Conference: ACA'2009, June 25-28, 2009, Montreal, Quebec, Canada

Session Organizers: Jeremy Johnson and Marc Moreno Maza


Improved algorithms, better implementations, and faster computers have enabled many previously time-consuming computer algebra computations to be performed routinely and have extended the range of what is practically possible to compute. However, there remains many computations that still require excessive computing time, and while existing computer algebra systems have had some practical success in applications, their widespread use in computational science and engineering remains limited. Part of this is due to inherent difficulties of exact computation; nevertheless, there are many cases where the performance achieved by an implementation could be dramatically improved through optimized implementations and parallel computation and the use of special purpose hardware.

While the computer algebra community has begun to incorporate high performance computing techniques, tuning algorithms to perform well on modern computer architectures and adapting algorithms and systems to parallel computers can be a difficult and time consuming process; much work remains in these directions.

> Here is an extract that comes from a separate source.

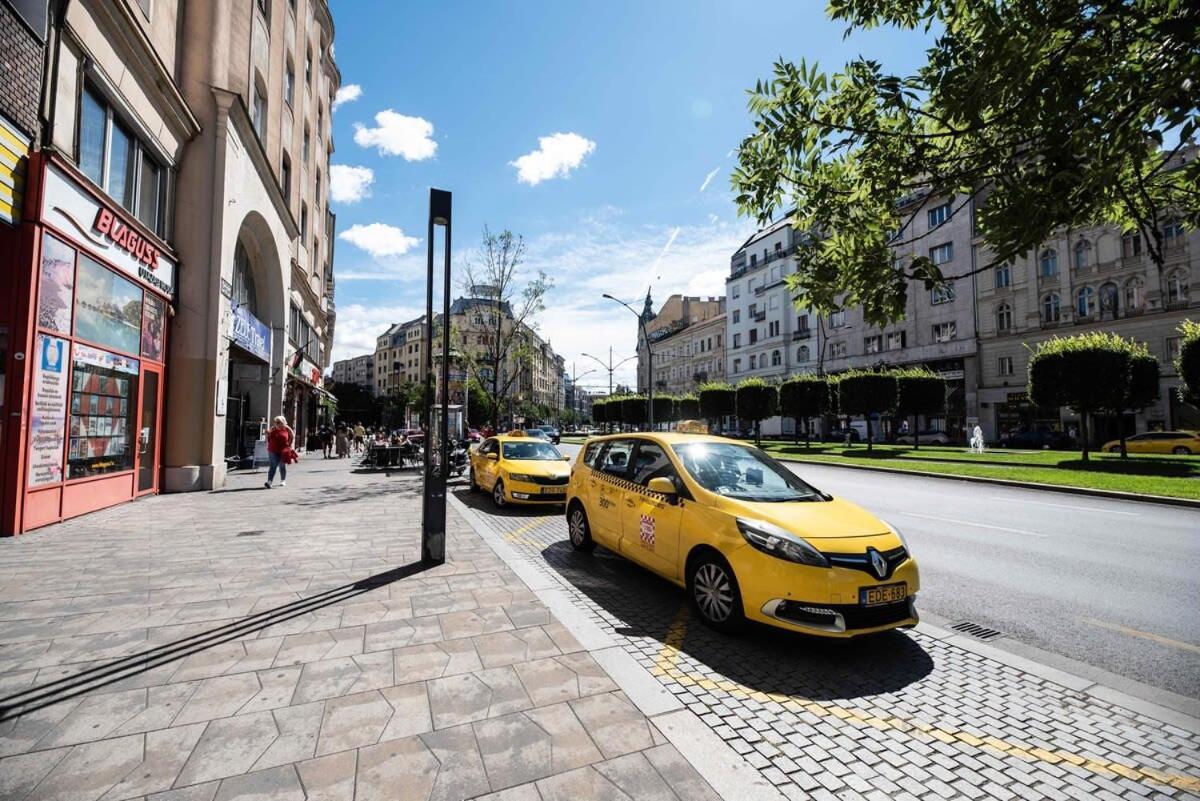 Extra Central - New - Charming Studio Budapest Luaran gambar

Moreover, there are many challenges in achieving high-performance in computer algebra algorithm implementations due to their irregular structure and higher level data types. Also the complexity of computer algebra systems make the incorporation of parallel computation challenging.

This session is devoted to exploring the application of high-performance computing to computer algebra algorithms, applications and systems, and the research and implementation challenges this poses.

Potential Topics:

  1. Practical implementation and performance analysis of computer algebra algorithms
  2. Implementation and optimization techniques for computer algebra algorithms
  3. Parallel implementations of computer algebra algorithms and parallel computer algebra systems
  4. The application and extension of optimizing compiler techniques to the implementation of computer algebra algorithms.
  5. Adapting the implementation of computer algebra algorithms to improve performance by better utilizing the underlying hardware
  6. Techniques for automating the optimization and platform adaptation of computer algebra algorithms
  7. Cache complexity and cache-oblivious computer algebra algorithms
  8. Hardware accelaration technologies (multi-cores, GPUs, FPGAs)

Conference Proceedings:

Papers presented at the session will be considered for publication in a special issue of the Journal of Symbolic Computation dedicated to high-performance computer algebra

Call for Submissions:

If you are interested in presenting a talk in this session, please upload an abstract by May 15, 2009 at the following URL.

Accepted contributions:

  1. A computer algebraist meets a computer centre director
    (James Davenport)
  2. Towards an efficient implementation for the resolution of structured linear system
    (Benoit Lacelle and Eric Schost)
  3. Parallel Disk-Based Computation and Computational Group Theory
    (Eric Robinson, Gene Cooperman, Daniel Kunkle and Jürgen Müller)
  4. Multitasking Polynomial Homotopy Continuation in PHCpack
    (Jan Verschelde)
  5. Memory Efficiency in Polynomial Multiplication
    (Daniel Roche)
  6. Fast multiplication and its variants in Newton iteration
    (Ling Ding and Eric Schost)
  7. Balanced Dense Polynomial Multiplication on Multi-cores
    (Yuzhen Xie and Marc Moreno Maza)
  8. SPIRAL-Generated Modular FFTs
    (Jeremy Johnson and Lingchuan Meng)
  9. A Note on the Performance of Sparse Matrix-vector Multiplication with Column Reordering
    (Sardar Haque and Shahadat Hossain)
  10. Implementing Modular Methods in Maple with the Modpn library
    (Wei Pan, Xin Li and Marc Moreno Maza)
  11. Code Generation and Autotuning in Computer Algebra
    (Jeremy Johnson, Werner Krandick, David Richardson and Anatole Ruslanov)
  12. Linear Algebra Modulo Tiny Primes
    (Jean-Guillaume Dumas, David Saunders and Bryan Youse) )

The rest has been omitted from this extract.